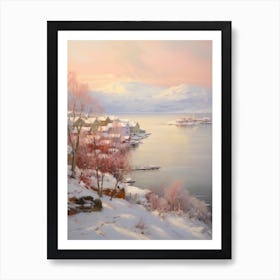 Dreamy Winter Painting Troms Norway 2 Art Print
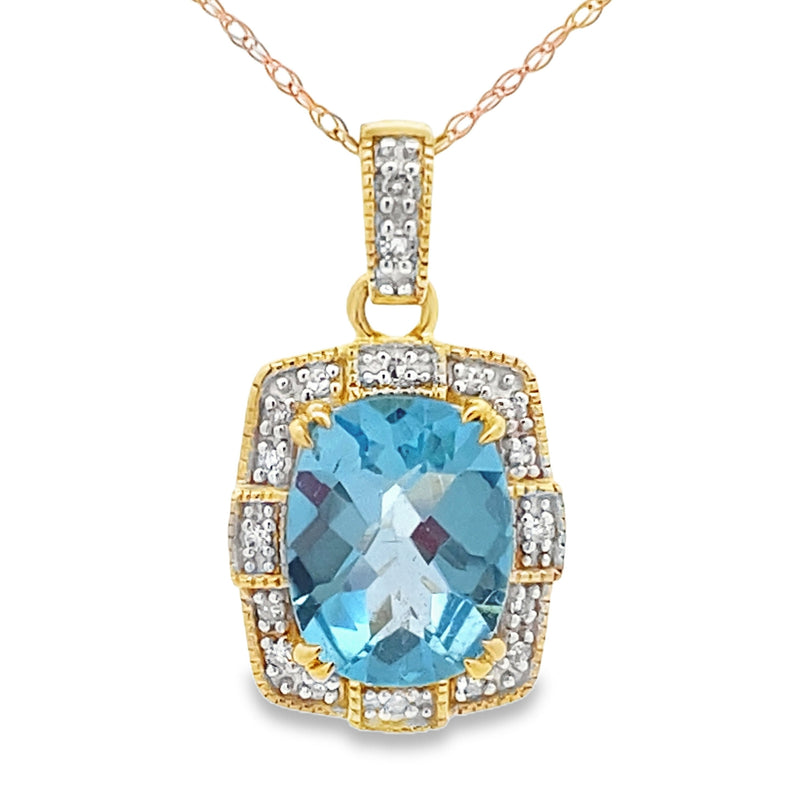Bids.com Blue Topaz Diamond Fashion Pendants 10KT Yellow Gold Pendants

* * *

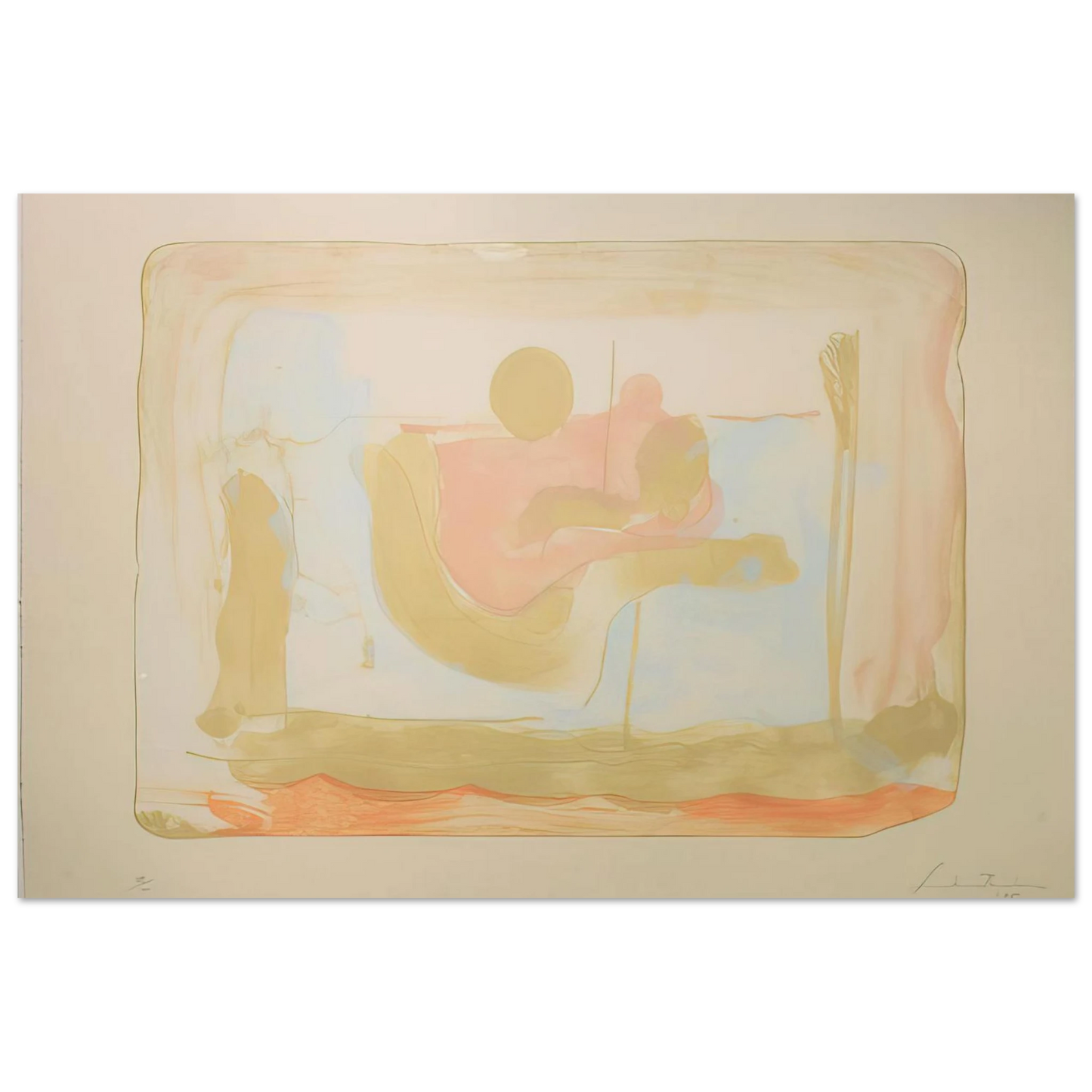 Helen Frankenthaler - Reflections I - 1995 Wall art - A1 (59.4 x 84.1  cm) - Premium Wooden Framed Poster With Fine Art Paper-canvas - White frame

§ Aim of the task: Drop the pictures; return the lines above from the line containing "Dreamy Winter Painting" to the line containing "Bids.com Blue Topaz", both included, exactly.

§ Answer area:
 Dreamy Winter Painting Troms Norway 2 Art Print
Bids.com Blue Topaz Diamond Fashion Pendants 10KT Yellow Gold Pendants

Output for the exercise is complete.